Re: RDF/XML Syntax problems with datatyping literals from Dave Beckett on 2002-09-02 (w3c-rdfcore-wg@w3.org from September 2002)

From: Dave Beckett <dave.beckett@bristol.ac.uk>
Date: Mon, 02 Sep 2002 14:41:49 +0100
To: "Patrick.Stickler" <Patrick.Stickler@nokia.com>
cc: w3c-rdfcore-wg <w3c-rdfcore-wg@w3.org>
Message-ID: <13174.1030974109@hoth.ilrt.bris.ac.uk>
<snip/>ing lots to reduce the size of this message

>>>"Patrick.Stickler" said:
> Dave said:
> ...
> > and forms 1),2),3) give the same triples:
> Agreed.
> ...
> Ahh, now I see where we are missing each other.
>
> I'm not proposing that. I would disallow the above. I fully agree
> that to do the above would be confusing.
> 
> A null string is not a valid lexical form.
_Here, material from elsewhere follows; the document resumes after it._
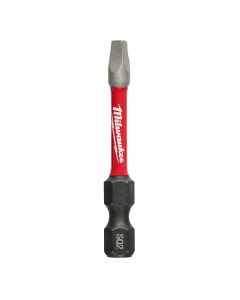 MLW48-32-4172 image(1) - Milwaukee Tool SHOCKWAVE 2&rdquo;Impact Square Recess #2 Power Bits (25 PK)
You cannot produce a
> typed literal node without some non-null lexical form.

I don't see why this is a special case.  I hate to add more special
cases to the syntax, particular.

> The RDF/XML
> 
>    <ex:prop rdf:type="http://example.org/datatype1"></ex:prop>
> 
> would still produce
> 
>     _:a <http://example.org/ns#prop> _:b .
>     _:b <http://www.w3.org/1999/02/22-rdf-syntax-ns#type> <http://example.org/datatype1> .
> 
> as it should.
> 
> But, the RDF/XML
> 
>    <ex:prop rdf:type="http://example.org/datatype1">xyz</ex:prop>
> 
> would produce
> 
>     _:a <http://example.org/ns#prop> <http://example.org/datatype1>"xyz" .

Shrieks of another special case to me; and the empty property element
case is already too complex.


> I see the production of typed literals from the above to be a two
> step process -- conceptually (though the parser of course would likely
> skip the first step in practice):
> 
> Input:
> 
>    <ex:prop rdf:type="http://example.org/datatype1">xyz</ex:prop>
> 
> Step 1, rdf:type assertion:
> 
>    _:a <http://example.org/ns#prop> _:b"xyz" .
>    _:b"xyz" <http://www.w3.org/1999/02/22-rdf-syntax-ns#type> <http://example.org/datatype1> .
> 
> Step 2, typed literal node compression:
> 
>     _:a <http://example.org/ns#prop> <http://example.org/datatype1>"xyz" .
> 
> This second step is only required because literals can't be subjects.

> *And* this second step only occurs *if* and *only if* there is a literal
> (not just a bnode).

<snip/>

> But, and this is the essential point, whether there is the typed literal
> node compression or not, the semantics of both the RDF/XML and the graph
> representations are *identical* in all of the above uses of rdf:type.

I'm looking at the triples generated and they are different, so as
far as users are concerned, they are different semantics.  If a
datatyping model theory makes some other entailments from these
triples, that is another question, unrelated to the syntax.

This means in essence that this introduces two ways to do datatyped
literals and we don't need yet more abbreviations in RDF/XML !


> Does the above clarification help in any way?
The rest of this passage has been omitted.